What is sustainable furniture?
Sustainable practices should not just extend to the food we eat and the power we use, though they are a great place to start. Every action we take to preserve the earth’s natural resources and reduce our carbon footprint on the earth, so we should embrace and make it work for us. Choosing furniture is a long term purchase, so it needs to be a smart decision with the lowest impact on the environment as it’s going to be a decision that lasts for a long time.
If you want to create a healthy home and contribute to a healthy planet, then you have to do some planning. Standing in the middle of the furniture store is not the place to start doing your research or making decisions about what is good for the environment. Know what you want for materials before you go, then you can concentrate on the design when you find them.
The FSC, or Forestry Stewardship Council, have stringent rules on wood production. All their operations meet strong environmental, social and economic standards that you can rely on. If you are buying new furniture, be sure to find it to make sure that the wood used is being replaced and harvested sustainably. Older, second hand pieces may not run by these standards, but by buying repurposed furniture you are reducing your footprint to nearly zero any way.
Other Eco-friendly Materials
Bamboo has shot to the forefront of everyone’s eco memory as it is so versatile. It grows rapidly without the need for chemicals, is easily replanted and can be made into a solid wood, fabric or plastic type material. Not all bamboo processes are as earth friendly as each other, but all in all bamboo is a great option for furniture. It has been totally embraced by designers and has been made into wonderful sustainable designs that look good – and are good! Metal and glass are also great materials to choose as they are both recyclable and long lasting.
Furniture made of recycled material is becoming more common across the globe. Some are as simple as new covers, but others are made from raw material reclaimed from other projects. This is another great way to reduce your carbon footprint to zero, but be aware that before 1978 it was legal to use lead in paint so the paint may be toxic, and foam that has been treated with flame retardant releases more chemicals into the air as it gets older.

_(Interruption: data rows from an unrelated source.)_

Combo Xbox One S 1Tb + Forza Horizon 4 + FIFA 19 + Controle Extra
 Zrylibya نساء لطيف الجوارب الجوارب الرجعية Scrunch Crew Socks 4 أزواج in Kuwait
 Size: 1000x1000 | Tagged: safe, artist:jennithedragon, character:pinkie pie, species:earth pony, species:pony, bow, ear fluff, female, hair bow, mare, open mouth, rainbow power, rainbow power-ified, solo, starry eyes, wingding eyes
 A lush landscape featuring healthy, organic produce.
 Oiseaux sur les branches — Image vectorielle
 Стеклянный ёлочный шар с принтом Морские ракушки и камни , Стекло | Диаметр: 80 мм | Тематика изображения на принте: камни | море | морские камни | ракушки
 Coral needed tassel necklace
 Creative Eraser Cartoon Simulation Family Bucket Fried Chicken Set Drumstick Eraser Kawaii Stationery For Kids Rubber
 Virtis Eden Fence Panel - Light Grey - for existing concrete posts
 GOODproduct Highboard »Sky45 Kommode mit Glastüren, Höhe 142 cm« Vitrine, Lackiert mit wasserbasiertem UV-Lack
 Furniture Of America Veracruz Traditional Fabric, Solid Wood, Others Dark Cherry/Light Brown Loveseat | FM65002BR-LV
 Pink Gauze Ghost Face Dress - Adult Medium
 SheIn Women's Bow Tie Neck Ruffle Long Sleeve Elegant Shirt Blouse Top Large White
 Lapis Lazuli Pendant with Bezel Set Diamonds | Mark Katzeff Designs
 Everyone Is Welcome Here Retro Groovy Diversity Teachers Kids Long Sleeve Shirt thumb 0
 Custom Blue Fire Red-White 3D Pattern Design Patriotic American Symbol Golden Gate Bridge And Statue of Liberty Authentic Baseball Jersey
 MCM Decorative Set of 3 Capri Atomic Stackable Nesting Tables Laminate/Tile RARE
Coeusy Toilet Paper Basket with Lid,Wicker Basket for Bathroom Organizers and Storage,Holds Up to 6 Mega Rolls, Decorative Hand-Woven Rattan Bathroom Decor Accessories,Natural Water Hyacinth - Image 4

Furniture can taint your indoor air through toxic finishes or adhesives. Choose paints, stains, and other finishes that are water based, with the lowest possible volatile organic compounds (VOC). And look for formaldehyde-free composite wood. A single piece of high-emitting furniture can elevate formaldehyde levels enough to cause eye, nose, throat, or skin irritation or headaches, fatigue, and respiratory problems. Placing a piece of furniture outside when you first get it can minimize the fumes, since emissions are generally highest right after furniture is manufactured. But the emissions may continue at low levels for a couple of years.
If you find nothing else sustainable, make sure you buy local, if you can, from local artisans that do not spend money shipping in resources from across the country. Cut down the transport and save greenhouse gasses, as well as the cost of the furniture.
Plan ahead to make a eco-friendly purchase and know what you need ot do to save the environment, but also have a cleaner, greener, healthier home.